* [EXERCISE]: All lines holding the word "Erkek" are to be copied from the records beneath.

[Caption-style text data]

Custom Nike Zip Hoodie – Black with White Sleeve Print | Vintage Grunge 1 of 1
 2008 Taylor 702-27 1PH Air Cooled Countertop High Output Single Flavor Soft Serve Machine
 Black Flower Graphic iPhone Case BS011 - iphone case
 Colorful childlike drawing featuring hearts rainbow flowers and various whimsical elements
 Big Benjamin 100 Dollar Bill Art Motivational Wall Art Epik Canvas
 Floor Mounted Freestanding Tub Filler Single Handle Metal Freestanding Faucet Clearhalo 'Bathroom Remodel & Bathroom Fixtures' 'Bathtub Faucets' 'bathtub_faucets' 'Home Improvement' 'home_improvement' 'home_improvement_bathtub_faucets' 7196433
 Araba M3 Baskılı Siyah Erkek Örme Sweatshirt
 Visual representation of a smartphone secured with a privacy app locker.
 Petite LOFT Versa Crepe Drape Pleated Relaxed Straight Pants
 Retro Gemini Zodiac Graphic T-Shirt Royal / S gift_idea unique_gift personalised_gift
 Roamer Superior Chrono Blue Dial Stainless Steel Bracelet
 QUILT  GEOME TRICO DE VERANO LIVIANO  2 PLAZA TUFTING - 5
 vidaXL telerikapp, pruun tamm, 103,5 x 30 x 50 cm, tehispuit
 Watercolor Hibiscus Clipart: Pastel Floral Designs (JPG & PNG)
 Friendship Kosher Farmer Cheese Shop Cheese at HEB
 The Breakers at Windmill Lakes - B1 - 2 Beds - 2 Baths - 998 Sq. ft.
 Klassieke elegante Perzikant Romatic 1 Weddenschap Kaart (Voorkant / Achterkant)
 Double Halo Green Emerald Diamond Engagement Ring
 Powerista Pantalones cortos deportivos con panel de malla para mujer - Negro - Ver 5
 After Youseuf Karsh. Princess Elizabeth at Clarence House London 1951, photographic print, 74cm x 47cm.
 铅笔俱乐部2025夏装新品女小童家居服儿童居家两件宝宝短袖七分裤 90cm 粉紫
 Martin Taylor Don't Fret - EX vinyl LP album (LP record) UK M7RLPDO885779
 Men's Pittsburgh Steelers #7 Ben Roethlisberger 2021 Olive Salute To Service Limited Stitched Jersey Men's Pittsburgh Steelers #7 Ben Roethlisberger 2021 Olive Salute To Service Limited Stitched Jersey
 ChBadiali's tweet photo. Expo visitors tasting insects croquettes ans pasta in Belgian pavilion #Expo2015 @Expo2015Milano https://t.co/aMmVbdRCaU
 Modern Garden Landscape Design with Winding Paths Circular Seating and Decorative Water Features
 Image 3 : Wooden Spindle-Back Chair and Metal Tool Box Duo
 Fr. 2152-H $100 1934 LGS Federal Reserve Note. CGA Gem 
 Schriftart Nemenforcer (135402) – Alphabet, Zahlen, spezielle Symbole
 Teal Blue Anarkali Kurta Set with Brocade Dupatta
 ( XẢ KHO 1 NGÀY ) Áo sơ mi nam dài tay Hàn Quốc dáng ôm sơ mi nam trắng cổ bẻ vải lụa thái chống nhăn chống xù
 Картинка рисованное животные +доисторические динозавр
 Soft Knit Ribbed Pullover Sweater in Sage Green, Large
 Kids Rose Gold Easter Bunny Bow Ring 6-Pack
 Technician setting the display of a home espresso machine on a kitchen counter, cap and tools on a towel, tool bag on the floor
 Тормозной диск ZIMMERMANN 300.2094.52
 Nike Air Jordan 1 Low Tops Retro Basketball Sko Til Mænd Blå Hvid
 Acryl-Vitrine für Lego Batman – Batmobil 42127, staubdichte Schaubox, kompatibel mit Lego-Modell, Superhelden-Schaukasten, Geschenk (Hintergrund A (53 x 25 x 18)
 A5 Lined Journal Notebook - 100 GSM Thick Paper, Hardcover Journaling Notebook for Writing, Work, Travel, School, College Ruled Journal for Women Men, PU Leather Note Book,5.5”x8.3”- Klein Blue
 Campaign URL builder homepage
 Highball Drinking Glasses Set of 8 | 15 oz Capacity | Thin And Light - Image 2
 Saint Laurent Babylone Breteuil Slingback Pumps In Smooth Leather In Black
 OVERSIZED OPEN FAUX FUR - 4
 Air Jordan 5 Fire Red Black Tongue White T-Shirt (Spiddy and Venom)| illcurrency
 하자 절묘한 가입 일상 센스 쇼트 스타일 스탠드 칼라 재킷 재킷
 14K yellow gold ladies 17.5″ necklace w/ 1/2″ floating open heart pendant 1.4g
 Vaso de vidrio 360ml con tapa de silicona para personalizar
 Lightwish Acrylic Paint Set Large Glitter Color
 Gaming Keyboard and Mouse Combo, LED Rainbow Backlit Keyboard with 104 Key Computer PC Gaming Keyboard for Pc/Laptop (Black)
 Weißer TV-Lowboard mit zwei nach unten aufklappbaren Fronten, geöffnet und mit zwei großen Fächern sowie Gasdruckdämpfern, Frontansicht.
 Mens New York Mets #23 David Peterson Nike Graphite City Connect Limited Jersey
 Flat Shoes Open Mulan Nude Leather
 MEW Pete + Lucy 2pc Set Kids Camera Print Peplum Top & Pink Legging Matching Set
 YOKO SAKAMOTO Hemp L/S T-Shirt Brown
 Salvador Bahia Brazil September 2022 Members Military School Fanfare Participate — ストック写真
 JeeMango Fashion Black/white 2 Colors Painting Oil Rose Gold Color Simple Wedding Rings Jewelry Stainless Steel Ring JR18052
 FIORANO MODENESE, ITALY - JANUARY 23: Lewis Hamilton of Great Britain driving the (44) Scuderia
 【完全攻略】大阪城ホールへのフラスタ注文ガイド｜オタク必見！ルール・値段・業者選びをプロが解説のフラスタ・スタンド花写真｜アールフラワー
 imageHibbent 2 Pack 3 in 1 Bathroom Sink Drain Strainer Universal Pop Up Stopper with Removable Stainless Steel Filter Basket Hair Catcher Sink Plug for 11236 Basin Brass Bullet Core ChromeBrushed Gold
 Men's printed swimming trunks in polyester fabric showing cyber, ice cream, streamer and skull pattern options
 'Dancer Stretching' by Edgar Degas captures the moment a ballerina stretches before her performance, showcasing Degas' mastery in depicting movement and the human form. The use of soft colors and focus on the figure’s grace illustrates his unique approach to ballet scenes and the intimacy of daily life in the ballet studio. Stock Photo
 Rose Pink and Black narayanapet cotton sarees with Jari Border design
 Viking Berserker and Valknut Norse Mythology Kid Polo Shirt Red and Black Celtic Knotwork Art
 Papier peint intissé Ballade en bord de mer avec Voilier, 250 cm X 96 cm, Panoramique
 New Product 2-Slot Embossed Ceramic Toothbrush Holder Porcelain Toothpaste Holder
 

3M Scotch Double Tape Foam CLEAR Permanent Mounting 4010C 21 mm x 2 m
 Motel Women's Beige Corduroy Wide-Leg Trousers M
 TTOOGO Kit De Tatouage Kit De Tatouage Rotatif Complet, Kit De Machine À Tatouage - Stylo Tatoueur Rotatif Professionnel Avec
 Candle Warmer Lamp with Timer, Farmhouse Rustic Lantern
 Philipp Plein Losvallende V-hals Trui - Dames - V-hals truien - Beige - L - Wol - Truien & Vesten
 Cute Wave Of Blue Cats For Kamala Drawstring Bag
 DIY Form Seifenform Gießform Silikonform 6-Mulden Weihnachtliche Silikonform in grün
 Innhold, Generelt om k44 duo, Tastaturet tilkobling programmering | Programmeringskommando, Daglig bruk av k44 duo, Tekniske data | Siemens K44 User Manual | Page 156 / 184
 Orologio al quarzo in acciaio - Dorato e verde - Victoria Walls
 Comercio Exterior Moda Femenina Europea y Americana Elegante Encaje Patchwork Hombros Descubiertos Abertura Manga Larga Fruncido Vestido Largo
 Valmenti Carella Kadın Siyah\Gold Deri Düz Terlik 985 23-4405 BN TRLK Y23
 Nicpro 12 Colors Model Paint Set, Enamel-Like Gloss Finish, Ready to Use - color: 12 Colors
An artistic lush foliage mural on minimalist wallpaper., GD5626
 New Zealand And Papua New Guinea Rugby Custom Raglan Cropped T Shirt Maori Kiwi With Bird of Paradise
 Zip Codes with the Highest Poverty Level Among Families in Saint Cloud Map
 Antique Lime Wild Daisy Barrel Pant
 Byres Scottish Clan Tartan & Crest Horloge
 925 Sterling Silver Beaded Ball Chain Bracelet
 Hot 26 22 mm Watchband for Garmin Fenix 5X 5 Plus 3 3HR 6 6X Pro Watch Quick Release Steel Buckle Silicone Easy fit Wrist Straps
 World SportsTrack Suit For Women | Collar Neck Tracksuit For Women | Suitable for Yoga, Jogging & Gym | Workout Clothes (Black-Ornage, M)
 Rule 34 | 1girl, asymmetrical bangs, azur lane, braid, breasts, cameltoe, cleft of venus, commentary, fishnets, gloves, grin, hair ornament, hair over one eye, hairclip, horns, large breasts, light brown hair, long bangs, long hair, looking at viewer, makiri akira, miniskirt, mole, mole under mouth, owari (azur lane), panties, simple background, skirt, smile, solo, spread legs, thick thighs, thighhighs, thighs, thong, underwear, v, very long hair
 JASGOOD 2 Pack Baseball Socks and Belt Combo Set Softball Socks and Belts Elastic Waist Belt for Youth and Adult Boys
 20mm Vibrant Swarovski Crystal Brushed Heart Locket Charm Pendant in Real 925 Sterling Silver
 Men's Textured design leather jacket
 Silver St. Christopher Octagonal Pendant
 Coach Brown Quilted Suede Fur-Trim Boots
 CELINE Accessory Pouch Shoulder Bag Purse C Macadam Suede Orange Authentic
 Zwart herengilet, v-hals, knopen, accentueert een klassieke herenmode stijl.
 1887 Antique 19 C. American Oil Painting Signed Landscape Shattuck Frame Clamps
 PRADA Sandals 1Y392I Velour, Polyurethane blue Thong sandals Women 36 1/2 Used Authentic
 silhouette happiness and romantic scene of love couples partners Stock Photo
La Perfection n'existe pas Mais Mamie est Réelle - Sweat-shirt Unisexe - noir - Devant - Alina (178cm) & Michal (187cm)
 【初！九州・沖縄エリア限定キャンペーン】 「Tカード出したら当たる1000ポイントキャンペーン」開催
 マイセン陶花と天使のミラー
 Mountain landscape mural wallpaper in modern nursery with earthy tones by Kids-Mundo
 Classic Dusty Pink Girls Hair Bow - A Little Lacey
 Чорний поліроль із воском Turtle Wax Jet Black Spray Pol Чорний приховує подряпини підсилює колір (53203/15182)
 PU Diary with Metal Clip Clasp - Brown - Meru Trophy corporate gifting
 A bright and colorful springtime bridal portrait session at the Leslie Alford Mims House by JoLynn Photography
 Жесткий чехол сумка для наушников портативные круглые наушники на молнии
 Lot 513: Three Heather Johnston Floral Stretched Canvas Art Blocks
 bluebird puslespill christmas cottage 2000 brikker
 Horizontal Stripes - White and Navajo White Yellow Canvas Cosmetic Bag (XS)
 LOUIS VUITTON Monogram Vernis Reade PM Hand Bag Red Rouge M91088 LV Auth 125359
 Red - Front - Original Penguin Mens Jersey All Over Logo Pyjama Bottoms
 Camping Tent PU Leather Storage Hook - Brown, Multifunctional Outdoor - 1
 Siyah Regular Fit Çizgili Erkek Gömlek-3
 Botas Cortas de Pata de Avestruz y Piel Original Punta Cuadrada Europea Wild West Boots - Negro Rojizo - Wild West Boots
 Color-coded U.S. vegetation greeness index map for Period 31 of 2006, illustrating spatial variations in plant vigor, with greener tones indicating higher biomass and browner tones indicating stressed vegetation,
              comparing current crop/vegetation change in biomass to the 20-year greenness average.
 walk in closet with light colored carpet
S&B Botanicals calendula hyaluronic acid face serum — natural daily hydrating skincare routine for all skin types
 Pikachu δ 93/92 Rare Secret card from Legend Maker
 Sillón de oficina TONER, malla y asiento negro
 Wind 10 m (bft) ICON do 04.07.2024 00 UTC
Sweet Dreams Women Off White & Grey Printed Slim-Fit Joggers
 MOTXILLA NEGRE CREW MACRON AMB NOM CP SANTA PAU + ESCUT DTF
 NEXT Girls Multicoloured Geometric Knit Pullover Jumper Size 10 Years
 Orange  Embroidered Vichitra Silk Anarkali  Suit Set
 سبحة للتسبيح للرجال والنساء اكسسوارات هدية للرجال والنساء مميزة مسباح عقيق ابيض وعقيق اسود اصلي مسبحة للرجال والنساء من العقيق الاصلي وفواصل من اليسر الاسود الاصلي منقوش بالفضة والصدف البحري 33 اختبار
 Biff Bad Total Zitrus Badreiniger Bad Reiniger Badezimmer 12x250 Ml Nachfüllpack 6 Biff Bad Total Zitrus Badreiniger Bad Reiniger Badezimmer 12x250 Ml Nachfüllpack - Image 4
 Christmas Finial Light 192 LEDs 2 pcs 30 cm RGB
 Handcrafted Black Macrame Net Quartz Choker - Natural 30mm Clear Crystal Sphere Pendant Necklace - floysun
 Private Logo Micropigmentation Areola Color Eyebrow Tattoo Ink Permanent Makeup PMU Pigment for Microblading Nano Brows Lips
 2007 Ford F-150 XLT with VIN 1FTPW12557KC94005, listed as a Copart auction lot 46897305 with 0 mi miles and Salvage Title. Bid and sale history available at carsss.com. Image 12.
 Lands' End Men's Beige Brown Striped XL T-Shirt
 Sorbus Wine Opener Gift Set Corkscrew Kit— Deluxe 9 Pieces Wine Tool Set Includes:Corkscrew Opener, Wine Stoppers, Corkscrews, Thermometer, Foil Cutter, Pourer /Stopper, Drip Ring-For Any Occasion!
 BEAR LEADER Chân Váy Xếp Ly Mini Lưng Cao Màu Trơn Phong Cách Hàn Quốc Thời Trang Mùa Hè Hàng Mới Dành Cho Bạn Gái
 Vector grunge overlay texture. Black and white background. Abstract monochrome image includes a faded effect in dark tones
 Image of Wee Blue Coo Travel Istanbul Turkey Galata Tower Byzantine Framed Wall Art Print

* [ANSWER SPACE]:
 Araba M3 Baskılı Siyah Erkek Örme Sweatshirt
 Siyah Regular Fit Çizgili Erkek Gömlek-3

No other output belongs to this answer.